Submitted by CashNexus on Sat, 2019-08-31 14:32 in

Hello David,
by default config_advanced.php uses
$config_normaliseRegExp = "A-Za-z0-9".chr(0x80)."-".chr(0xFF)." \.";
what affects 'normalised_name' SQL field and further URL generation.

Is it possible to exclude some special chars what I suppose exists in the range of chr(0x80)
As per https://www.sciencebuddies.org/science-fair-projects/references/ascii-table#asciitable
I'd like to exclude, for example, such signs like

Decimal 33 - ! - exclamation mark
Decimal 35 - # - number sign
Decimal 44 - , - comma
Decimal 47 - / - forward slash
Decimal 59 - ; - semi-colon

etc etc

Could you give an example how to modify default $config_normaliseRegExp (above) to exclude such a signs ?
It could be useful for general knowledge of PT settings,
Thanks in advance !
Have a nice weekend !
Best regards,

Submitted by support on Mon, 2019-09-02 11:14

Hello Serge,

By default the characters you list will be excluded so I may have mis-understood your question - only alpha-numerics are permitted from the 0 <> 127 ASCII range; all values above that are permitted as these characters form part of the UTF-8 character set, required for non-ASCII type e.g. accented vowels in some languages.

If you wanted to remove those characters from the displayed name then you could add a Search and Replace RegExp as a Global Filter to the Product Name field, using as the Search expression:

/(!|#|,|\/|;)/

...and Replace with nothing...

(in the pipe separated list of values to match / needs to be "escaped" by preceding with \ as it is used as the delimiter character)

Hope this helps!

Cheers,
David.
--
PriceTapestry.com

Submitted by CashNexus on Mon, 2019-09-02 12:43

Hello David,
...hm...most of all I'm wrong somewhere...but let me understand

Two moments
1) OK, if : (colon) should be excluded by default using default $config_normaliseRegExp - why an URL has generated like
/1DNest%3A-Single-PC-License-51DNest%3A-Linear-Cutting-Optimizer-166574.html
where %3A is exactly the : (colon) ?

2) I'm now writing the General Rule to exclude all special signs from Product Name, is that below correct for Search/Replace Regex for backslash ?
/(!|#|,|\/|;|\|)/
or backslash also must be escaped like
/(!|#|,|\/|;|\\|)/
?

Submitted by support on Mon, 2019-09-02 13:12

Hi,

If ":" isn't specifically allowed by $config_normaliseRegExp check whether a modification has been applied permitting the character through the $allow parameter of tapestry_normalise when normalised_name is created during the import process... In includes/admin.php, normalised_name is generated by the following code:

    $normalisedName = tapestry_normalise($importRecord["name"]);

(line 462 in the latest distribution - search for the same code in earlier distributions it will be therebouts).

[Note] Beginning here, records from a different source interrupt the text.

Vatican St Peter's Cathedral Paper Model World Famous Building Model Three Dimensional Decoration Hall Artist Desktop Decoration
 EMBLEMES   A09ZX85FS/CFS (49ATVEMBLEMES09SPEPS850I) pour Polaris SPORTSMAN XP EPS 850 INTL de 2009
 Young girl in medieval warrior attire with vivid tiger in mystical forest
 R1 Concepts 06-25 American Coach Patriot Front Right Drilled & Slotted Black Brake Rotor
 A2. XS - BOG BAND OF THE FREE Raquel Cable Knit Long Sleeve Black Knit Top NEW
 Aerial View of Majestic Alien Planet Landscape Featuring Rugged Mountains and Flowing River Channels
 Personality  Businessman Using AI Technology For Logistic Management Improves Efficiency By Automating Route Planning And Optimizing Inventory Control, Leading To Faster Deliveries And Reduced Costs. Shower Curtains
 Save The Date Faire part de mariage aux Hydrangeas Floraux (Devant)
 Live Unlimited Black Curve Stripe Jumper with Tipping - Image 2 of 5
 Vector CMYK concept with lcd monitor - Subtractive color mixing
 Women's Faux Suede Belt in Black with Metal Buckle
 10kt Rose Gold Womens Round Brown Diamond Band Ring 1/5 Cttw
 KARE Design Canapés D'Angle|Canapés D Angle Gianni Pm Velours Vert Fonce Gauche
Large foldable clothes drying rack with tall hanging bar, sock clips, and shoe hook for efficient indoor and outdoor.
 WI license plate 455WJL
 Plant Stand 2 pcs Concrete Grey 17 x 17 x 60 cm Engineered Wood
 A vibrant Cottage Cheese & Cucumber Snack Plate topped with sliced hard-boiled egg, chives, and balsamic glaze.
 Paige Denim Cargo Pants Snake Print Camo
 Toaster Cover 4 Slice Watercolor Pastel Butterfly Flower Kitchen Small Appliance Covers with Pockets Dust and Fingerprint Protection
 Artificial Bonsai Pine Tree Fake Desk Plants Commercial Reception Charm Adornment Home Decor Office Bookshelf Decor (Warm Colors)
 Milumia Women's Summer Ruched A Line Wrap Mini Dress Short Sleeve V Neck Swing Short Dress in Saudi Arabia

If the above was modified, for example using:

    $normalisedName = tapestry_normalise($importRecord["name"],":");

...that would explain ":" appearing in product page URLs...

Regarding using backslash in the Regex, the second version is correct - as it is the escape character it must also be escaped - so:

 /(!|#|,|\/|;|\\|)/

Cheers,
David.
--
PriceTapestry.com

Submitted by CashNexus on Mon, 2019-09-02 13:50

YES, I've got it :) thank you for the hint !

Last detail - are there any other special signs what should be escaped by backslash in Regex ?
I suppose it should be for forward slash /, back slash \ and vertical bar itself |

/(!|#|,|\/|;|\\|\||)/

Something else ?

Submitted by support on Mon, 2019-09-02 13:58

Hi,

Any of the metacharacters plus the delimiter, there's a list on the following page which is a great cribsheet for RegExp construction...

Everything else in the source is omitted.